A system and a method for improving the thermal efficiency for power production from coal is provided. The system utilizes a gasifier reactor for the conversion of coal to a hot high-pressure fuel gas wherein the fuel gas contains carbon monoxide and hydrogen. The system includes a flow chamber to mix the fuel gas with an oxygen-containing gas to produce a combusted fuel rich product gas that is then passed to a turbine engine connected to the flow chamber. The turbine engine defines a turbine exhaust duct to feed exhaust gas to a reheat combustor and a heat recovery boiler connected to the reheat combustor provides steam to a steam turbine system.

Description

    CROSS-REFERENCE
  • This application claims the benefit of U.S. Provisional Application No. 61/137,642 filed Aug. 1, 2008.
  • FIELD OF THE INVENTION
  • The present invention relates to a method and an apparatus for improving the thermal efficiency of integrated coal gasification combined cycle (IGCC) gas turbine systems. In particular, the present invention comprises a method for maximizing system efficiency and enabling low cost recovery of carbon dioxide.

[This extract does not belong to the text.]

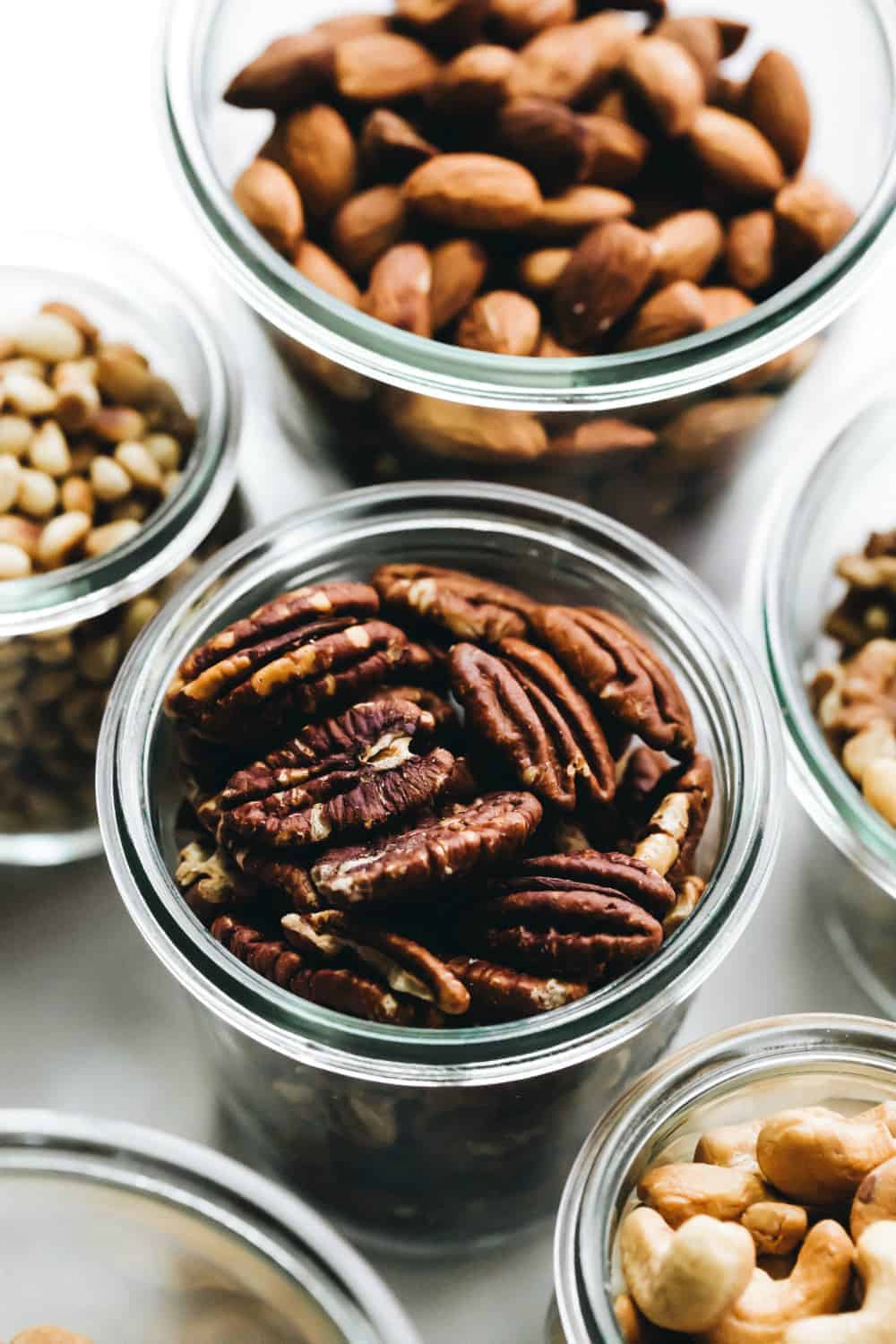 Toasted pecans in a glass jar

  • BACKGROUND OF THE INVENTION Brief Description of the Related Art
  • With energy usage directly related to economic growth, there has been a steady increase in the need for increased energy supplies. In the U.S., coal is abundant and low in cost. Unfortunately, conventional coal-fired steam plants, which are a major source of electrical power, are inefficient and pollute the air. Thus, there is a pressing need for cleaner, more efficient coal-fired power plants.
  • In response, systems have been developed which can achieve significantly improved efficiencies in comparison to conventional steam plants. In such a system, syngas (a mixture of hydrogen and carbon monoxide) is produced by partial oxidation of coal or other carbonaceous fuel in the presence of steam. This allows capture of mercury and sulfur as well as other impurities before combustion. Note that mercury is readily removed, typically with an adsorber bed. Although this avoids the stack gas mercury emissions of a conventional steam plant, the spent adsorber represents a hazard waste for disposal.
  • If carbon sequestration is desired, the carbon monoxide can be reacted with steam using the water-gas-shift reaction to form carbon dioxide and hydrogen. Note, however, that that the net heating value of the produced hydrogen (275 BTU per cu ft) represents a fifteen percent loss compared to the 322 BTU per cu ft net heating value of the carbon monoxide used. Carbon dioxide may then be recovered using conventional technologies known in the art This allows pre-combustion recovery of carbon dioxide for sequestration.
  • Regardless of whether carbon dioxide is recovered or whether air or oxygen are used for syngas production, much of the hydrogen content of the gas is typically derived from water fed to the system such that a significant portion of the coal carbon is converted to carbon dioxide and hydrogen. The result is a syngas having a reduced net or Lower Heating value (LH) as compared to the original coal.
  • Despite the problems noted above, IGCC systems are more efficient than conventional steam plants but capital costs are high. However, there remains a need for a system which utilizes more of the coal heating value, reduces capital costs, and also allows sequestering of carbon dioxide and mercury.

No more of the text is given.